しかし、テストマーケティングってそもそもどのように行えばいいのか?どうすれば上手くいくのか?そもそも本当に実施すべきなのか?わかるようでわかっていないということがありませんか?

本記事では、テストマーケティングについての全体像から、お客様の業態に合わせた手法について、最新のやり方も踏まえて紹介します。
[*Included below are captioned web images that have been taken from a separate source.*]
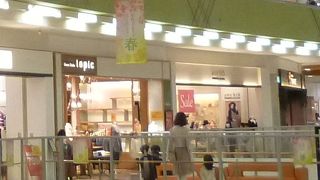 優しいデザインの洋服が多数、レディースファッション専門店です。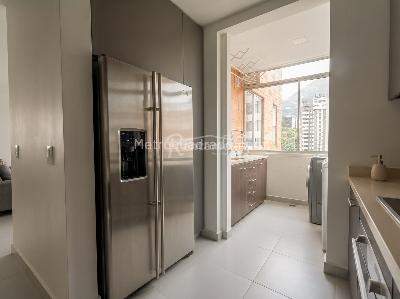 Apartamento de 3 alcobas en venta en Castropol, Medellín, 135 m² · foto 11 de 20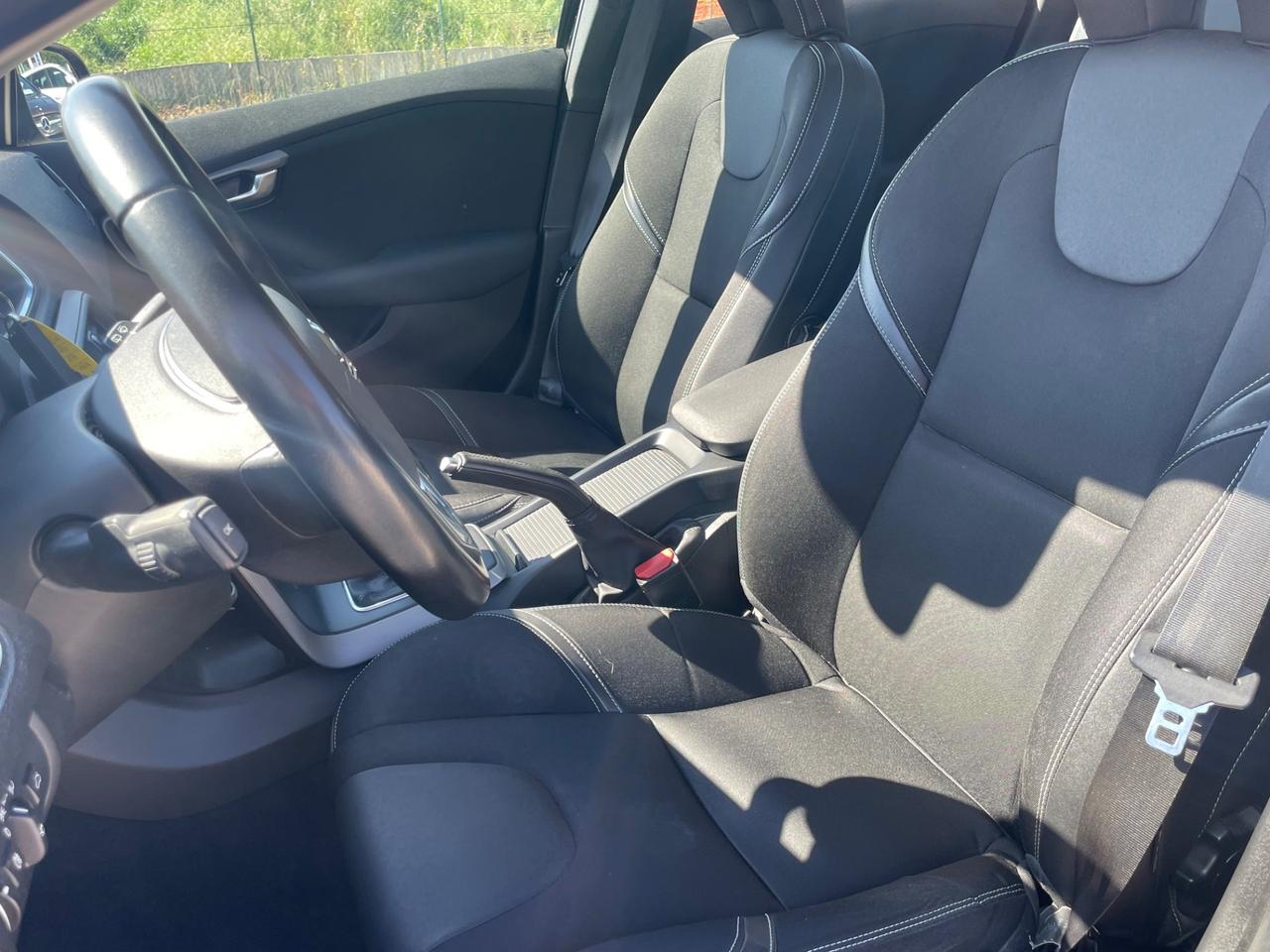 Volvo V40 D2 R-design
実際に、上場企業で新規事業開発を行い、新規事業に取り組む多数の企業経営者や担当者に話を聞いたうえで、新規事業、新サービスをスタートさせた担当者が書いた記事です。

この記事を最後まで読み終えて頂ければ、ご自身のこれからチャレンジされる事業のテストマーケティングについて、最新の情報や注意点についてご理解されたうえで計画の方向性を決められるようになっているはずです。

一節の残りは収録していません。